WHAT THE EXERCISE ASKS →
Print the data below verbatim, minus images.

--- INFORMATION SUPPLIED Enclosed Below ---

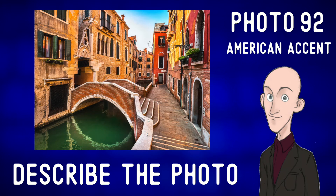Describe the photo. This is a charming photo from Venice, Italy. In the center of the photo, we can see a little footbridge.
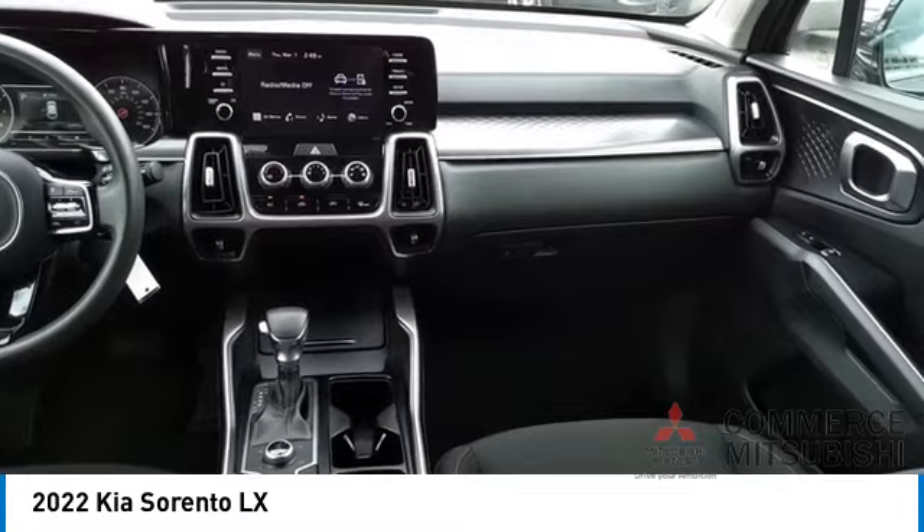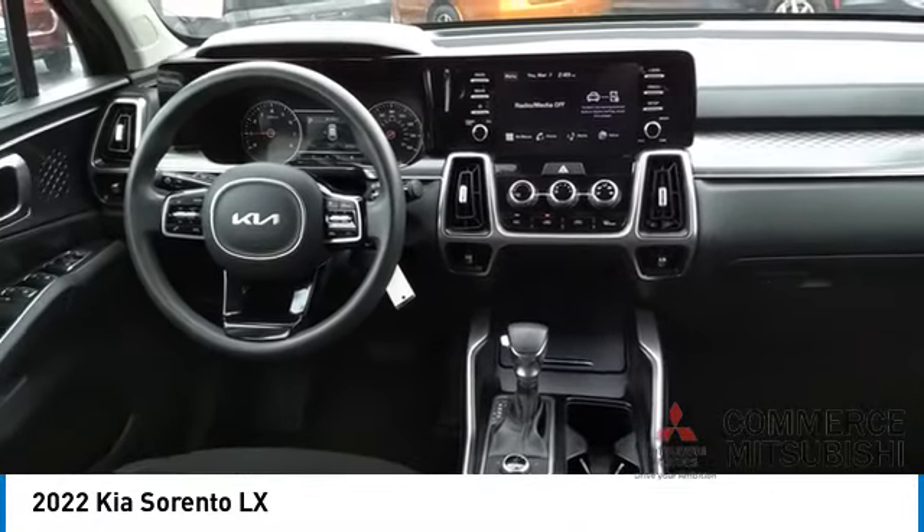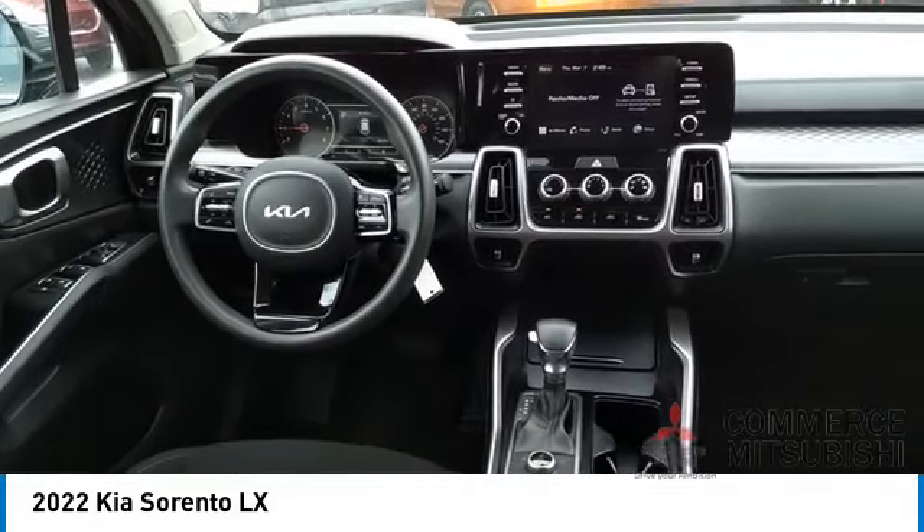This isn't just a vehicle, it's an experience. So stop in for a test drive today.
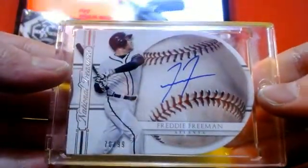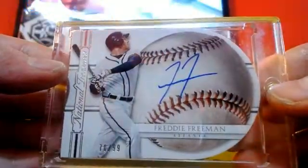First card — Freddie Freeman. NT, 70 out of 99. 2015 NT.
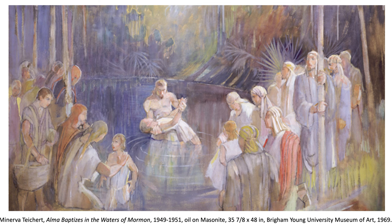At the same time, you had Minerva Teichert in the early 1950s trying to systematically go through the Book of Mormon and visualize scenes that really hadn't been depicted before. This one of Alma baptizing is actually on view in the Minerva Teichert exhibit up at the Church History Museum in Salt Lake City — I encourage you to go see it.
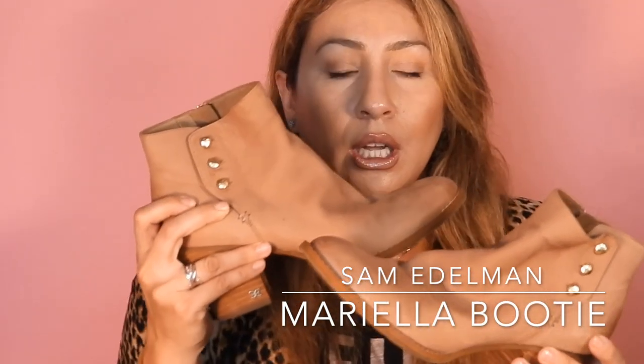Still within the booty range, we're going to move to the Sam Edelman booty. I came across this at Nordstrom Rack, slipped my foot in and it was super comfy right off the bat — I knew I had to have them. The material is super buttery. They're called the Mariela booty. It's very comfortable and versatile. I really like the detail of the buttons — it gives it a little style — and it also has a zipper on the side.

--- End of Enclosed INFORMATION SUPPLIED ---

YOUR SOLUTION →
Describe the photo. This is a charming photo from Venice, Italy. In the center of the photo, we can see a little footbridge.
This isn't just a vehicle, it's an experience. So stop in for a test drive today.
First card — Freddie Freeman. NT, 70 out of 99. 2015 NT.
At the same time, you had Minerva Teichert in the early 1950s trying to systematically go through the Book of Mormon and visualize scenes that really hadn't been depicted before. This one of Alma baptizing is actually on view in the Minerva Teichert exhibit up at the Church History Museum in Salt Lake City — I encourage you to go see it.
Still within the booty range, we're going to move to the Sam Edelman booty. I came across this at Nordstrom Rack, slipped my foot in and it was super comfy right off the bat — I knew I had to have them. The material is super buttery. They're called the Mariela booty. It's very comfortable and versatile. I really like the detail of the buttons — it gives it a little style — and it also has a zipper on the side.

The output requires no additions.